Lee’s family holds a 22.6% stake in Aveo worth $400m.  

A lengthy joint investigation conducted by ABC’s Four Corners and Fairfax Media claim to expose a long-running swindling racket by Aveo in its 89 retirement villages, which house a 13,000-strong population.

The three-part multimedia series, which also ran in the Sydney Morning Herald, showcased interviews with numerous elderly residents, their families, and legal representatives. These parties claim that Aveo’s glossy brochures and slick marketing misled investors into buying and later selling, or being forced to exit their homes in retirement villages, through dubious business practices. 

This resulted in great stress and significant financial losses, including converting buyers’ freehold premises into leasehold.

“This model to me is a ‘get-poor-quick scheme’ for the individual investor in a property or retirement village, and it’s a get-rich-quick scheme for the operator of the retirement village,” said former Aveo resident John Lander.

Lander, aged 72, was Australia’s first ambassador to Iran. He lost $78,000 after two years of investing in an Aveo home.
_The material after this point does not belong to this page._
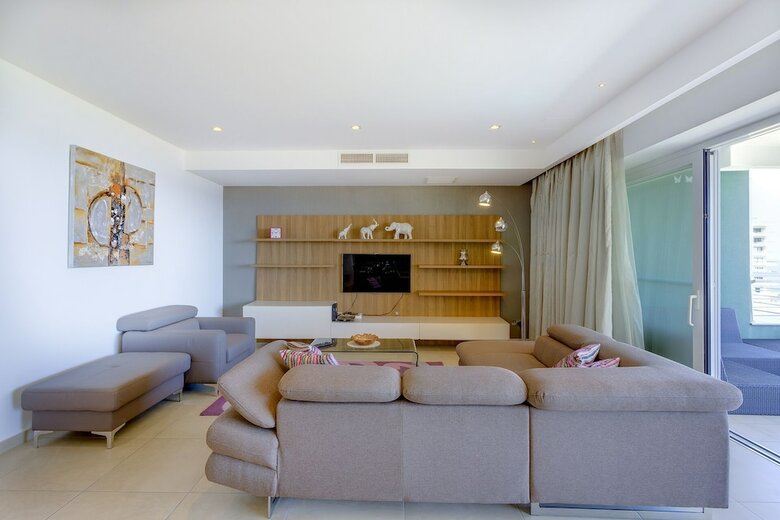 Apartamentos Luxury Seafront Oasis In Central Sliema W/ Pool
The extensive investigative report was also published by The Age, and included input from lawyers and consumer advocates, who alleged that Aveo was the “most aggressive listed operator in the country,” slapping a hefty 40% exit fee on residents who wanted out after two years as part of its tactic to generate a higher turnover of residents.

The Age further reported that Aveo, which has a market capital of $1.6bn, doubled its profits to $116m in 2016.

According to Malaysian newspaper The Star, Aveo’s majority shareholder is an Australian associate company of listed Malaysian conglomerate Mulpha International Berhad, which is 40% owned by the Lee family.

The Lee family owns extensive financial and real estate assets in southeast Asia, China, Hong Kong, and Europe. The family also owns ski and beach resorts, among other luxury properties in Australia, via Mulpha.

On Tuesday, Lee gave a phone interview to The Star and staunchly defended Aveo’s reputation.

“Aveo runs a very large and complex operation with more than 2,000 staff, across 89 villages, covering over 13,000 residents,” he said. “To take a few complaint cases and blow it out of proportion makes a great story but unfortunately, it is very unfair to our dedicated team that is doing the best it can in offering the highest levels of care to the Aveo residents.”